Kunapipi XXVII:1

OYENIYI OKUNOYE
The Margins or the Metropole? The Location of Home in Odia Ofeimun’s London Letter And Other Poems

This essay locates London Letter and Other Poems, a work by the Nigerian poet, Odia Ofeimun, in the context of the growing tradition of postcolonial travel writing, underscoring its inevitable reconciliation of personal memory with colonial history. In arguing that the poet problematises the burden of self–definition, the paper suggests that Ofeimun’s elaborate exposition of his preference for the metropolitan identity that the urban space creates in his theoretical reflection is a metaphor for appropriating the hybrid constitution of postcolonial identity. Lagos and London, which function superficially in the work as opposing spatial designations of the homeland and the colonial mother country respectively, consequently emerge as collaborators in shaping a unique identity that the poet-persona, as a postcolonial writer, shares with others in the in-between space.

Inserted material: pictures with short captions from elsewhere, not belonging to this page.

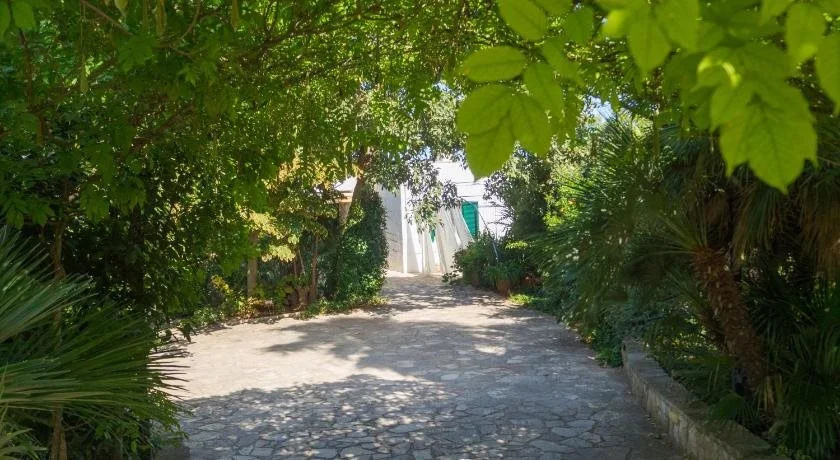 Kalinifta - Io parto Io arrivo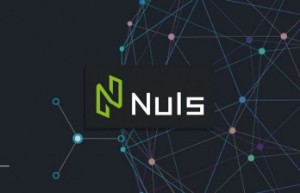 Ảnh của Nuls là gì? Tổng quan về đồng tiền ảo kỹ thuật số Nuls Coin (NULS)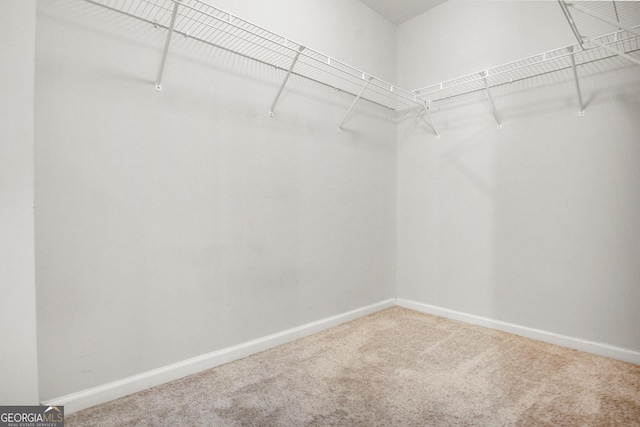 1502 Silver Mist Cir, Powder Springs, GA 30127 - walk in closet featuring carpet flooring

Odia Ofeimun is a prominent member of the generation of Nigerian poets that emerged in the seventies to challenge the tradition of ‘apolitical poetry’ associated with an earlier generation of poets, the leading members of which are Wole Soyinka, Christopher Okigbo and J.P. Clark-Bekederemo. A Political Science graduate of the University of Ibadan, Ofeimun, who was born in 1950 in Iruekpen Ekuma, in Midwestern Nigeria, must be credited with stirring the emergence of socially responsive poetry in the Nigerian context. He has, over the years, been an active member of the Association of Nigerian Authors, the umbrella union of Nigerian writers, having served at various times as its General Secretary and President. He was, in addition, a member of the editorial boards of such Nigerian newspapers and news magazines as The Guardian and The Tempo for more than a decade.

Ofeimun’s reputation as a poet on the Nigerian literary scene for long rested on the success of his first collection of poems, The Poet Lied. The strong statement that the collection makes with regard to the primacy and urgency of the social responsibility of art inaugurated a generational shift in Nigerian poetry, making his work the signature tune for the kind of poetry that was to dominate the Nigerian literary scene from the 1980s to the late 1990s. While the committed art that The Poet Lied promotes was instantly recognised as his major contribution to the making of the Nigerian tradition of poetry and all assessments of his work acknowledged same, it has also turned out to be a major weakness of his poetry. As with all literary works with a clearly defined historical and political focus, the possibilities of reading the work were limited. This is evident in the appraisals of Harry Garuba (1988) and Funsho Aiyejina (1986). An aspect of his work that has not been adequately assessed is craftsmanship. It is in this sense that Olu Obafemi’s ‘Odia, the Critical and Political Craftsman’ (2002) is a necessary, wide-ranging consideration of Ofeimun’s achievement, balancing the exploration of the ‘what’ with the ‘how’ of his poetry.